Sem contar sua atuação no primeiro governo de Getúlio Vargas, o Departamento de Censura de Diversões Públicas, da Polícia Federal, passou por muitas mudanças, com rotatividade intensa de seus dirigentes, durante a ditadura militar.

Em 1964, foi dirigido pelo jornalista Edísio Gomes de Matos e, depois, pelo Pedro José Chediak. Depois vieram o Aldo Vinholes de Magalhães, que era o chefe da sucursal do Correio do Povo, em Brasília, Carlos Rodrigues, jornalista e editor de pequenos jornais e revistas de turismo, que escreveu um livro sobre as normas da censura no país, depois transformado em bíblia. Guilherme de Sena Varjão, foi meu repórter na EBN, e José Augusto Costa, um caso peculiar. Era o censor destacado para o Correio Braziliense, ao mesmo tempo em que era chefe de reportagem daquele jornal.

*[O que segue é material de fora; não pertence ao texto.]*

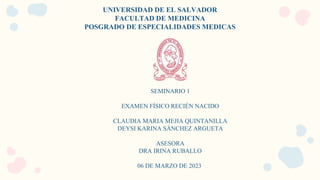 UNIVERSIDAD DE EL SALVADOR
FACULTAD DE MEDICINA
POSGRADO DE ESPECIALIDADES MEDICAS
SEMINARIO 1
EXAMEN FÍSICO RECIÉN NACIDO
CLAUDIA MARIA MEJIA QUINTANILLA
DEYSI KARINA SÁNCHEZ ARGUETA
ASESORA
DRA IRINA RUBALLO
06 DE MARZO DE 2023
 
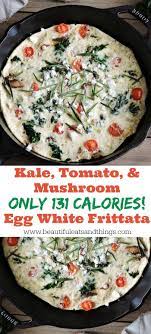 Kale Tomato Mushroom Egg White Frittata Beautiful Eats Things Recipe Clean Eating Breakfast Egg Whites Recipes Healthy Healthy Brunch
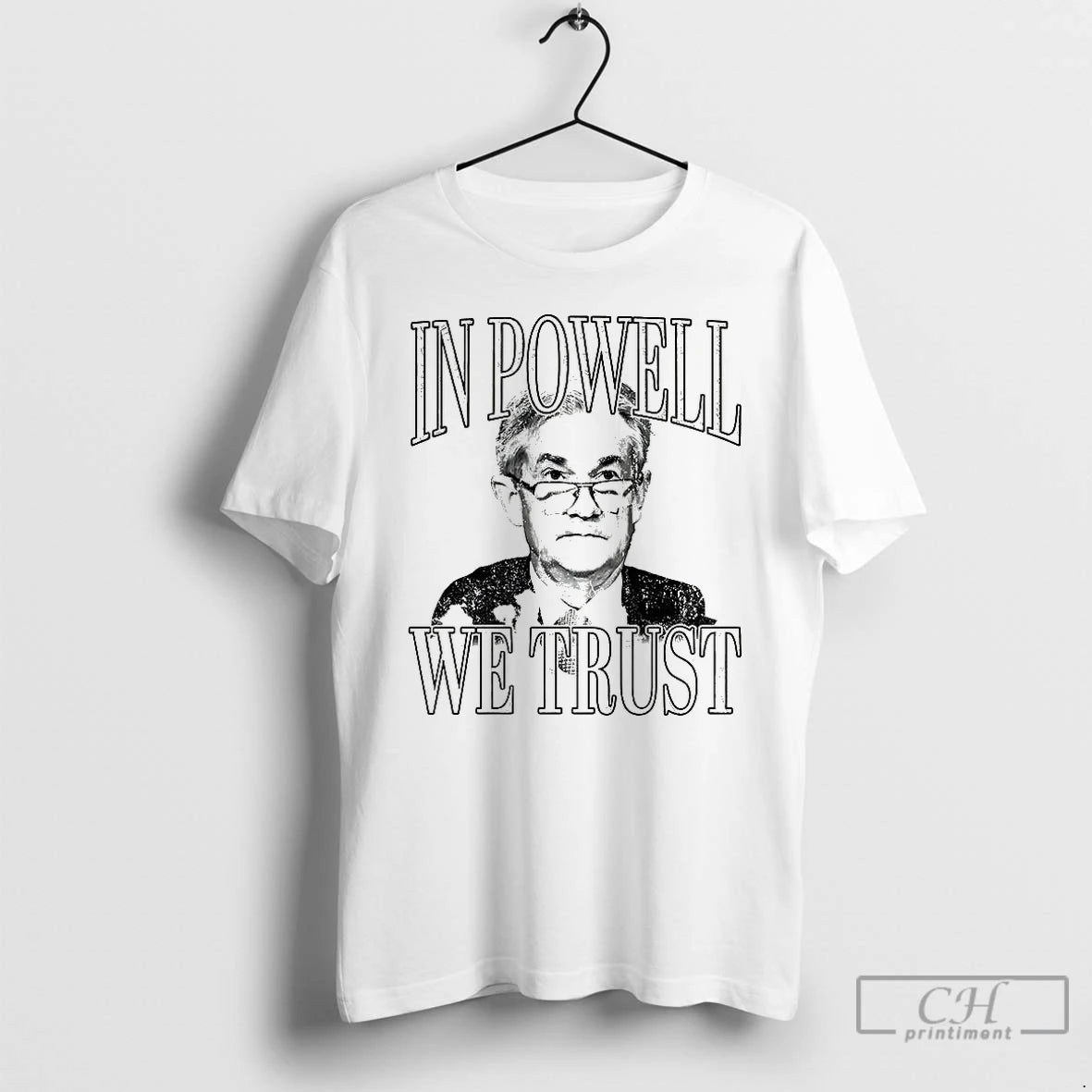 Premium Jerome Powell In Powell We Trust Portrait T-Shirts, Hoodie, Sweatshirt | CoreVibeTees.com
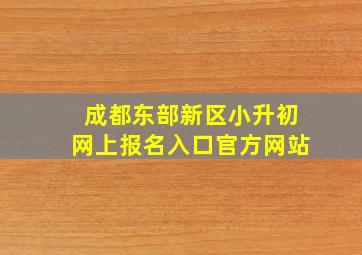 成都东部新区小升初网上报名入口官方网站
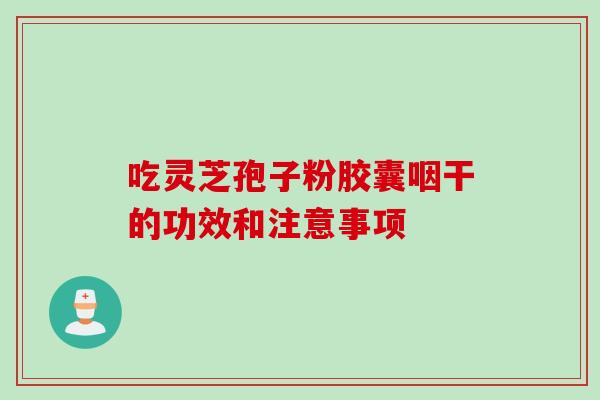 吃灵芝孢子粉胶囊咽干的功效和注意事项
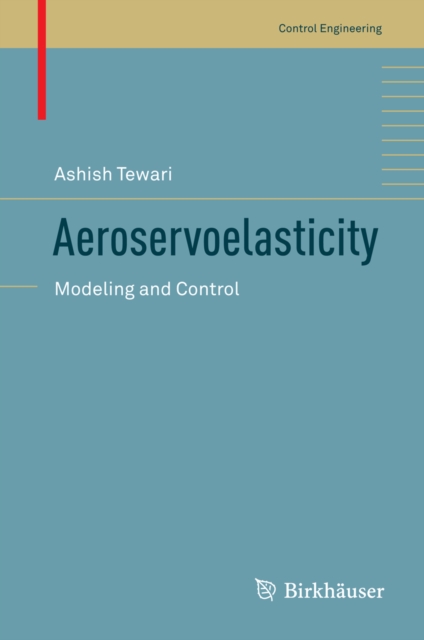 Aeroservoelasticity : Modeling and Control, PDF eBook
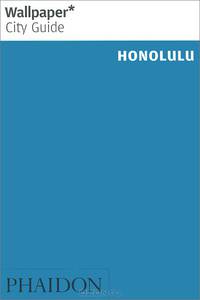 Wallpaper City Guide: Honolulu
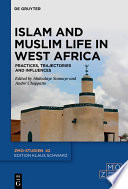 Islam and Muslim life in West Africa : practices, trajectories and influences /
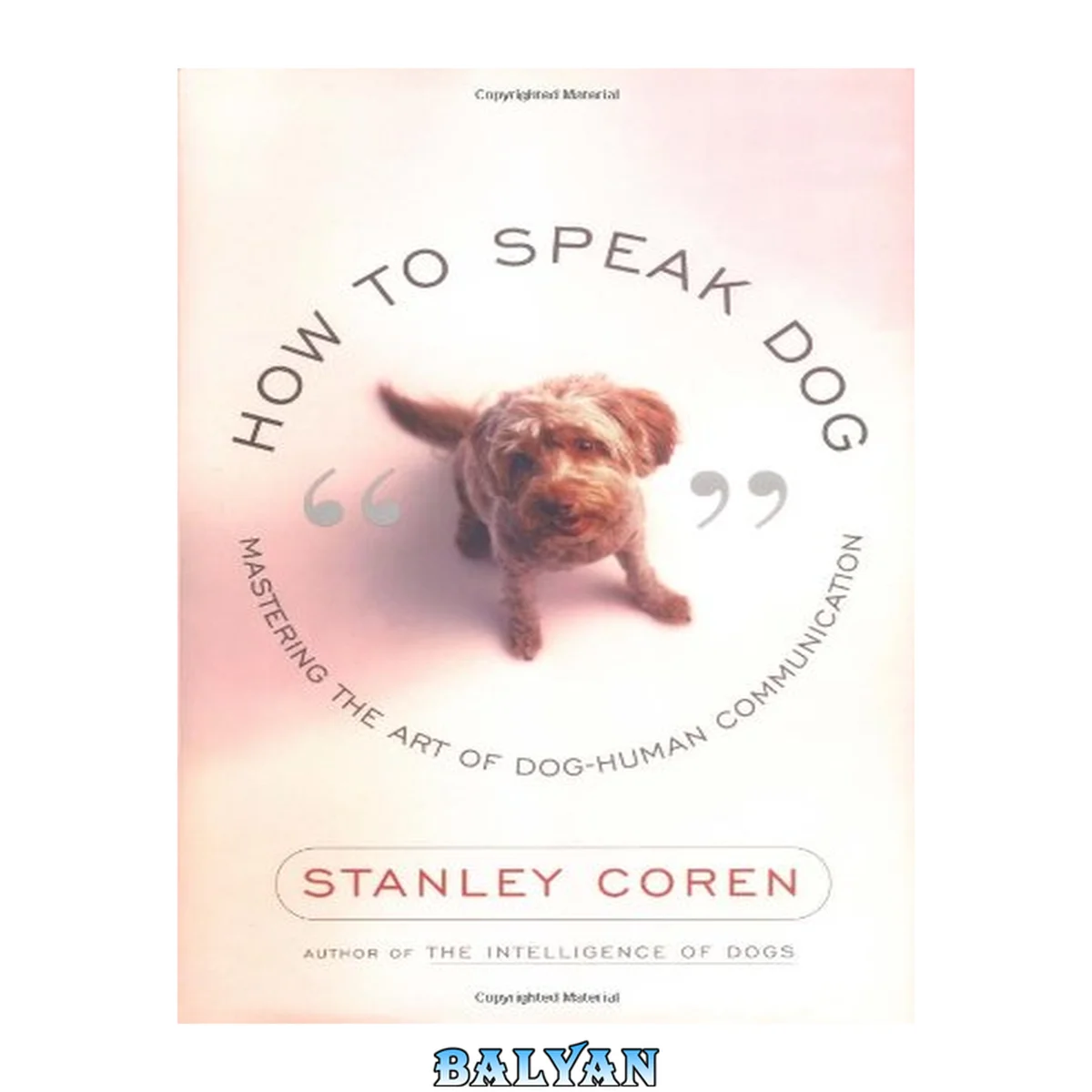 جلد کتاب How to speak dog : mastering the art of dog-human communication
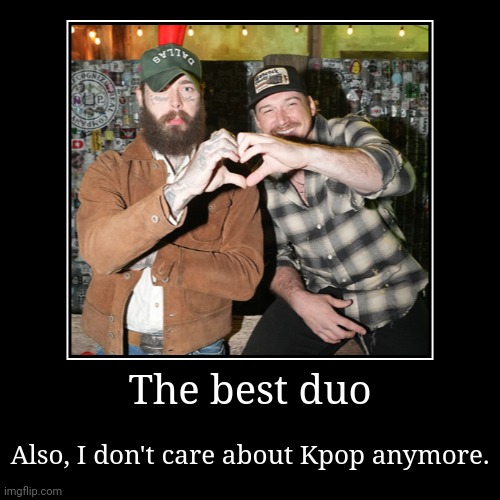 Posty and Morgan Wallen | The best duo | Also, I don't care about Kpop anymore. | image tagged in funny,demotivationals | made w/ Imgflip demotivational maker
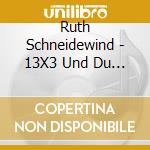 Ruth Schneidewind - 13X3 Und Du Bist Dabei cd
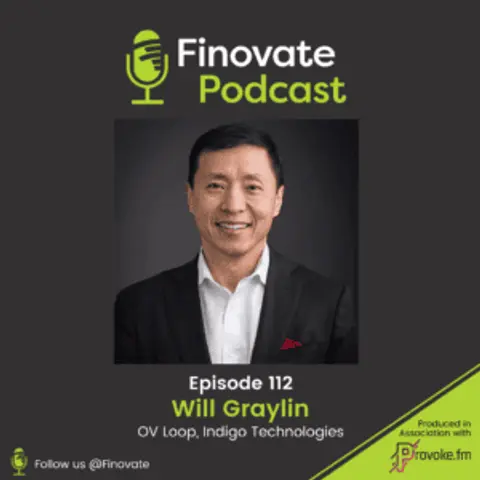 EP 112: Will Graylin, OV Loop, Indigo Technologies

No comando da censura federal seguiram-se Manoel Leão Neto, as três Marias – Maria Almeida, Maria Selma e Maria Silvia -, vindo depois Wilson Aguiar e o jornalista Wilson Queiroz Garcia, o “Bolinha”. O aperfeiçoamento dos censores era feito na Academia Nacional de Polícia, por órgão de informação do Exército e também aproveitando docentes de algumas disciplinas da Universidade de Brasília. A principal cátedra era a de Legislação Especializada.

No governo Geisel, com a censura mais abrandada, mas firme, o diretor era o coronel Moacyr Coelho, que lá permaneceu até o fim da gestão Figueiredo. O censor e jornalista José Vieira Madeira, que foi meu chefe em O Dia e A Notícia, havia dirigido a censura em São Paulo e foi substituído pela mais famosa censora, Solange Hernandez, a “Solange Tesourinha”. Ela era historiadora diplomada pela USP e representante da “linha-dura”.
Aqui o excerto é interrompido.